The opposition gained traction throughout 1905 and 1906. Despite Roosevelt’s unwavering support — he even wrote to the Secretary of the Navy defending Yamashita — the pressure proved too much. By 1906, Yamashita’s contract was not renewed. He returned to Japan, ending the first wave of legitimate Japanese instruction in American martial arts.
The consequences were far-reaching. When Yamashita left, others followed. Shaw suggests that if Yamashita had stayed, figures like Mitsuyo Maeda might never have gone to Brazil to teach the Gracie family, fundamentally altering the origins of Brazilian jiu-jitsu.
Shaw also highlighted how early American jiu-jitsu welcomed women. Fude Yamashita, Yoshiaki’s wife, led the first women-only judo class in the U.S. and held public demonstrations. Contemporary coverage praised women learning martial arts for self-defense, with stories of women using jiu-jitsu to ward off street harassment.
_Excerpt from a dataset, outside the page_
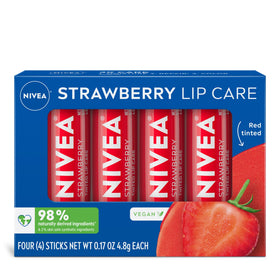 NIVEA Baume à Lèvres Fraise 4 x 4,8 g vue avant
That inclusive spirit contrasts sharply with lingering bias in modern martial arts. As commentator Stephan Kesting previoslystated on Fighting Matters:
“Jiu-jitsu has never been free of politics.”
Kesting pointed to the Gracie family’s ties to the 1930s Brazilian Integralist movement — a nationalist movement with parallels to European fascism. Historical work by Leandro Pereira Gonçalves shows Helio Gracie‘s involvement, including images of him in a green Integralist shirt bearing the Greek Sigma. The movement promoted Catholicism as the foundation of public life and its founder Plínio Salgado openly compared himself to H!tler.
These patterns echo today. Josh Saunders, an ADCC veteran, came under scrutiny for social media engagement with accounts linked to these ideologies. References to historical German movements within his interactions drew widespread concern across the community.
Shaw argues that calls to keep politics out of martial arts are disconnected from reality. “Everything is political,” he explained. Martial arts have always been shaped by external forces. The backlash against Yamashita wasn’t just personal — it altered the development of martial arts in the United States.
The lesson from Yamashita’s brief time at the Naval Academy is stark. Roosevelt embraced cultural learning from top-tier instructors. But discriminatory sentiment ultimately won out.
“Xenophobia is always bad. No one country no one culture no one person has all the answers.”
Shaw’s research is a reminder of how prejudice and narrow thinking can destroy progress. The exclusion that drove Yamashita out in 1906 didn’t just stop one man’s career — it disrupted an entire nation’s martial potential and shaped the future of American grappling for generations.